Vorrei soffermarmi sulla pericope del Vangelo che abbiamo ascoltato.
Abbiamo letto l’episodio delle nozze di Cana, questo racconto che il Vangelo di Giovanni mette proprio all’inizio, dopo il prologo, e segna anche in maniera un po’ anticipata l’avvio della vita pubblica del Signore Gesù, il quale passò sanando e beneficando tutti per le vie della Terra Santa e della Palestina.
Abbiamo presente la situazione. È una festa, una festa di nozze, ma viene il disagio. Maria, la madre di Gesù, nota una difficoltà.
È venuto a mancare il vino. Maria si fa interprete di quel disagio e lo dice al figlio: “non hanno vino”.
Ecco, anche noi qualche volta possiamo nella nostra vita, nella nostra esistenza, notare che ci mancano delle cose. Ci manca la felicità, ci manca la gioia, ci manca la salute, ci manca il lavoro, ci manca la casa, ci manca la serenità nei rapporti famigliari, ci mancano delle persone care perché le abbiamo perse, perché sono morte.
Quante perdite, quante mancanze, quanti disagi. Maria, che è la nostra madre, si fa carico di questo e le presenta al suo figlio Gesù. Da subito Gesù non accoglie l’invito di sua madre: “Donna, che vuoi da me? Non è ancora giunta la mia ora”. Quasi a dire che Gesù non deve ancora vivere e svolgere il suo ministero.
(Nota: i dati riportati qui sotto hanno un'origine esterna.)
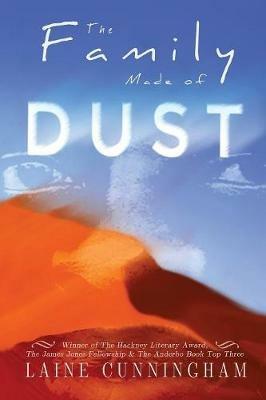 The Family Made of Dust Anniversary Edition: A Novel of Loss and Rebirth in the Australian Outback - Laine Cunningham - cover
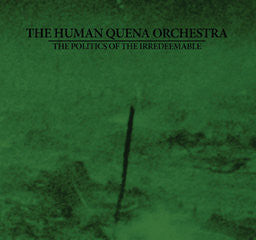 THE HUMAN QUENA ORCHESTRA "THE POLITICS OF THE IRREDEEMABLE" CD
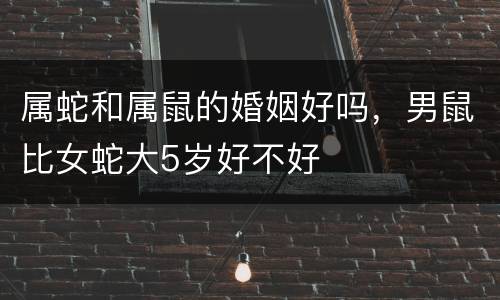 属蛇和属鼠的婚姻好吗，男鼠比女蛇大5岁好不好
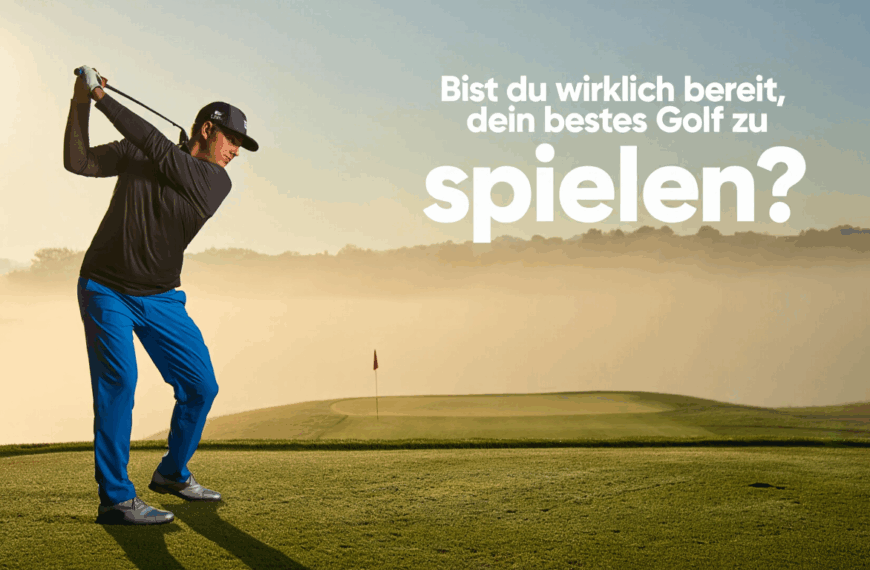 Bist du wirklich bereit, dein bestes Golf zu spielen?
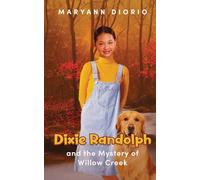 Dixie Randolph and the Mystery of Willow Creek (The Dixie Randolph Series of Middle Grade Novels)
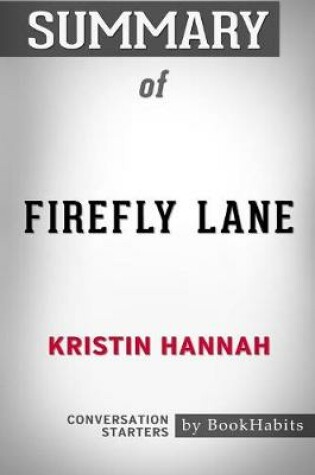 Cover of Summary of Firefly Lane by Kristin Hannah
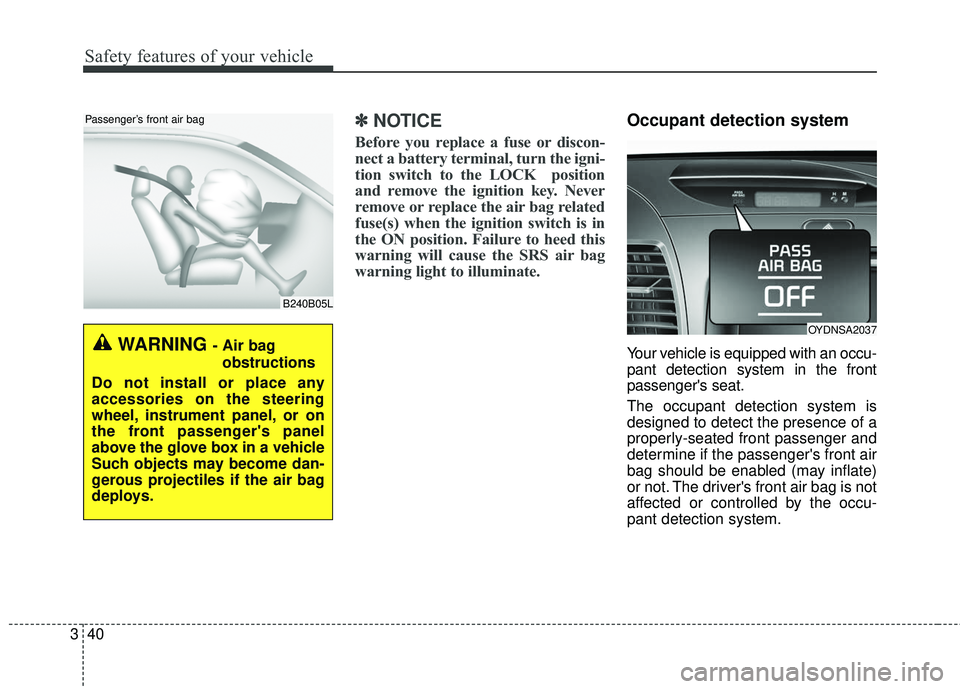 KIA FORTE KOUP 2016  Owners Manual Safety features of your vehicle
40
3
✽
✽
NOTICE
Before you replace a fuse or discon-
nect a battery terminal, turn the igni-
tion switch to the LOCK  position
and remove the ignition key. Never
re
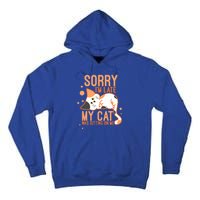 Sorry I Am Late My Cat Was Sitting On Me Funny Kitten Lover Gift Tall Hoodie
Ma Maria va oltre. È capace di insistere, come ogni buona madre non si arrende, e dice ai servi, l’abbiamo ascoltato, “fate quello che lui vi dirà”. A quel punto Gesù interviene e dice ai servitori “riempite d’acqua le anfore, ora prendetele e portatene a colui che dirige il banchetto”.
Ma cosa è successo? “Come ebbe assaggiato l’acqua diventata vino, colui che dirigeva il banchetto chiamò lo sposo e gli disse, tutti mettono in tavola il vino buono e quando si è già bevuto molto quello meno buono, tu invece hai tenuto da parte il vino buono finora”. Gesù ha cambiato quell’acqua in vino. Gesù è colui che può cambiare la nostra vita. Gesù è colui che può riempire le nostre mancanze. Vivere il Giubileo significa scoprire questo, che Gesù può bastare alla mia vita, può riempire la mia esistenza, non ho bisogno di altro, può dare gioia e sapore a tutto quello che vivo e che faccio.
Questa è la vera conversione. Cambiare l’acqua in vino significa cambiare la vita, significa cambiare l’essenza, la sostanza della nostra esistenza.
E io spero e credo, che il frutto di questo Giubileo sia proprio questo, una conversione dei cuori.
Questa conversione ci apre alla Speranza che la nostra vita potrà avere un senso.
Sapete, una figlia, potremmo chiamarla così, della speranza è la pazienza.
La pazienza sappiamo che non sempre l’abbiamo, soprattutto in questo tempo in cui siamo così frenetici e vogliamo tutto e subito.
La pazienza che il progetto di Dio si realizzi è un po’ come la pazienza che ha il contadino, che getta il seme, ma pazientemente attende che questo seme fiorisca e porti frutto.
Io vi invito a coltivare la pazienza, ma per alimentare la vostra speranza.
Sono convinto che il Signore cambierà la vostra vita, come ha cambiato l’acqua in vino e vi darà quella gioia eterna senza fine che tutti noi attendiamo.
Invochiamo Maria e tutti quanti i nostri santi patroni perché ci aiutino ad accogliere questa Grazia, questo dono grande che in questo anno noi possiamo vivere e realizzare.
Con l’aiuto di Dio continuiamo il nostro cammino e pellegrinaggio di speranza nella vita. Amen.